| What to do |
Look through the listing below for the line with "Grace Bra / maroon rib" and the line with "Fathers Day Thank". Copy both, along with every line between them, exactly and with no pictures.

| Records supplied |
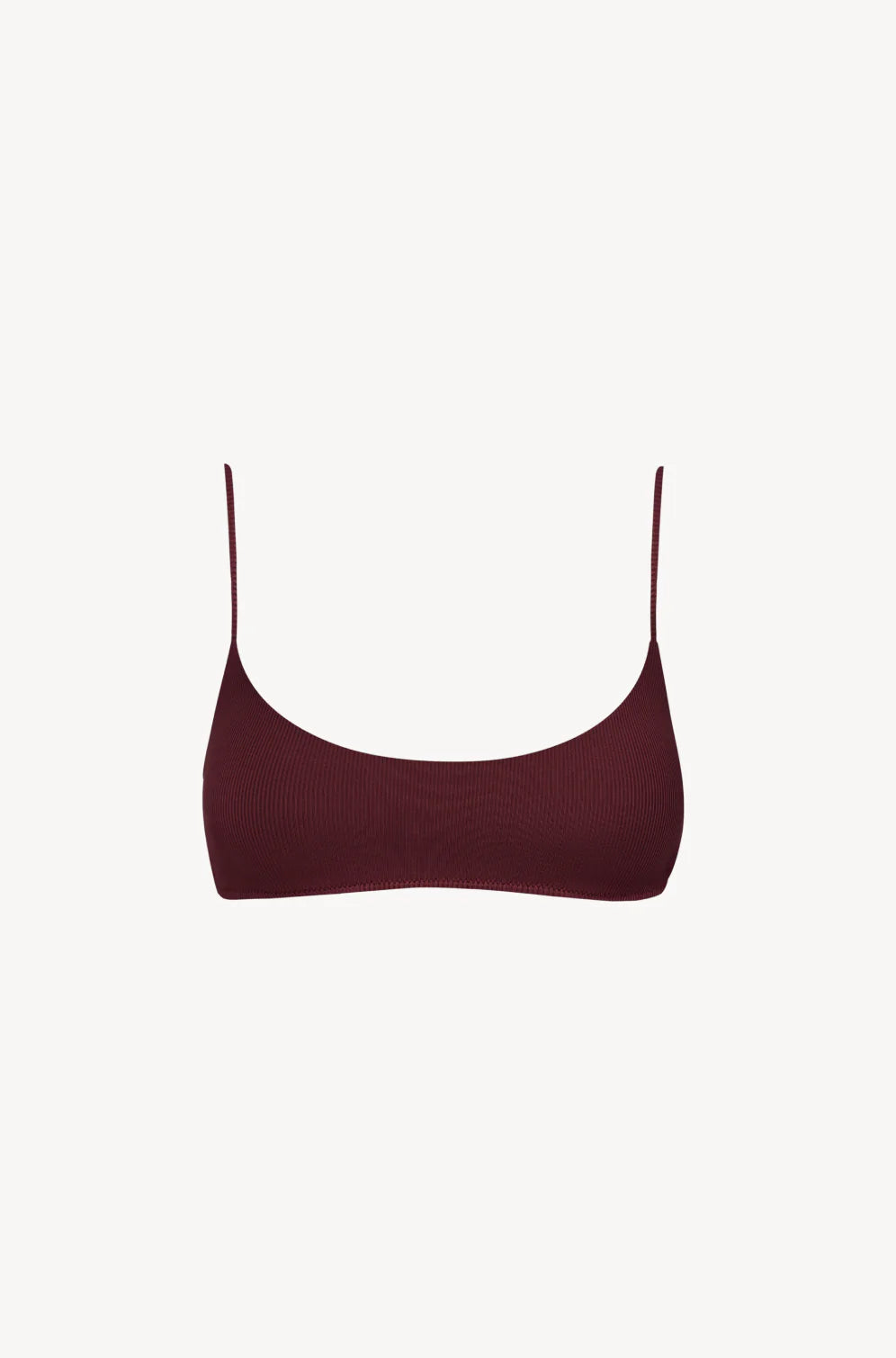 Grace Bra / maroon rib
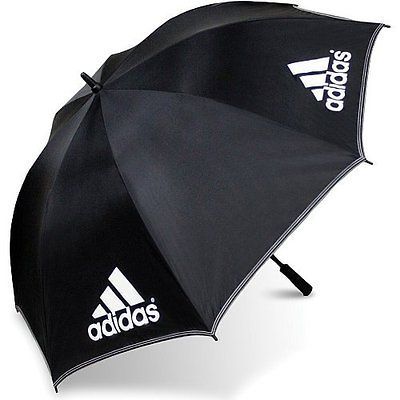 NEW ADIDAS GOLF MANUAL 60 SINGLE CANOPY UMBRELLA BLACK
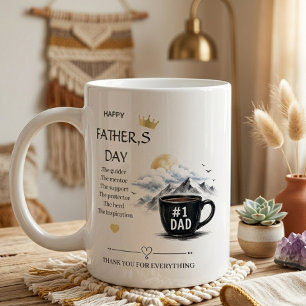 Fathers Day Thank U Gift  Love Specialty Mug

---

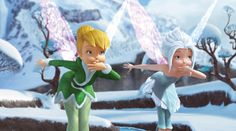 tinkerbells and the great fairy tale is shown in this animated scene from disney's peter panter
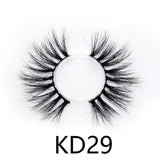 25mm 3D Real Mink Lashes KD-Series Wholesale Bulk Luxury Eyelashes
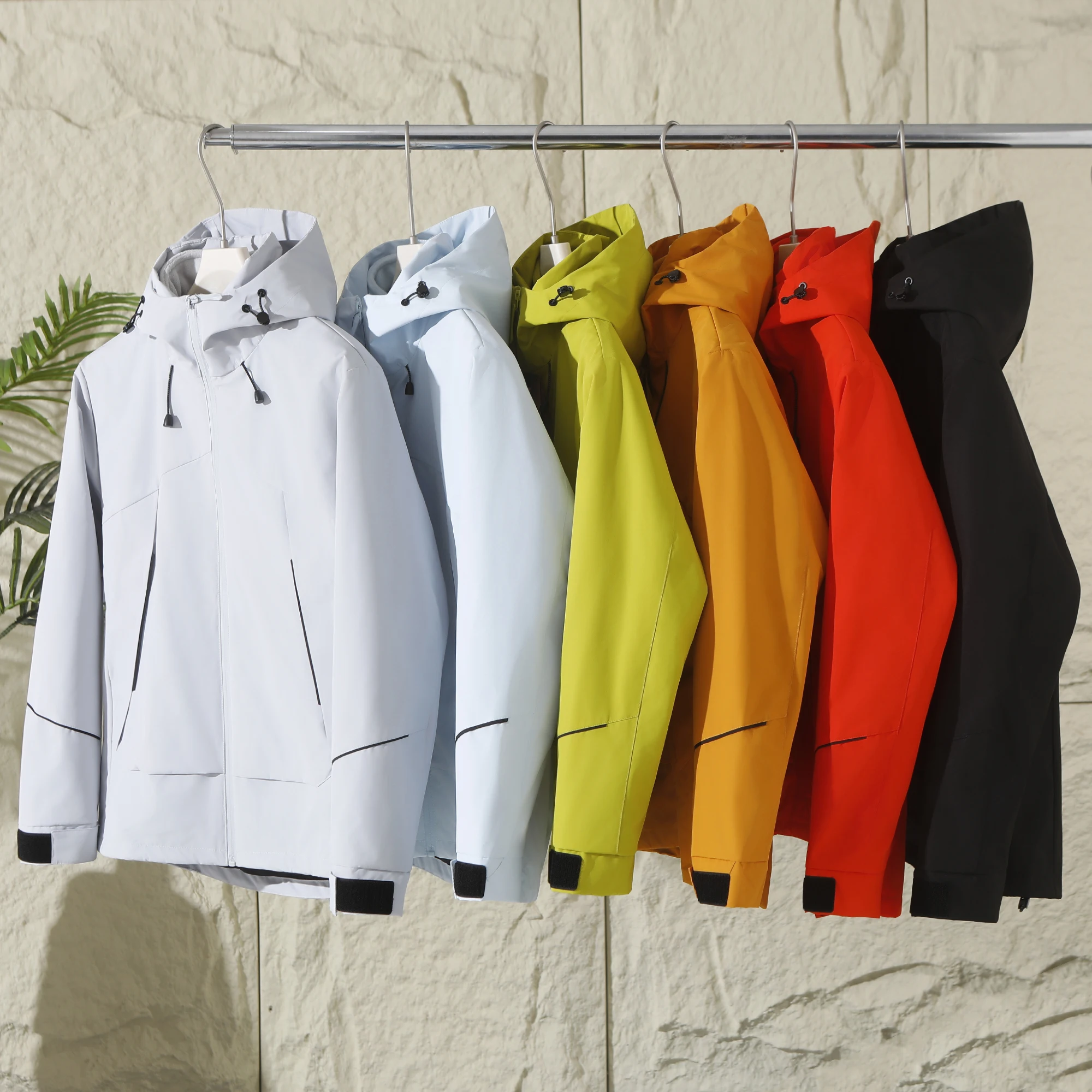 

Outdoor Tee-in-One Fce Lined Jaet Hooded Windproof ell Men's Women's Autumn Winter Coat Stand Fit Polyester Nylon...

| Solution |
 Grace Bra / maroon rib
 NEW ADIDAS GOLF MANUAL 60 SINGLE CANOPY UMBRELLA BLACK
 Fathers Day Thank U Gift  Love Specialty Mug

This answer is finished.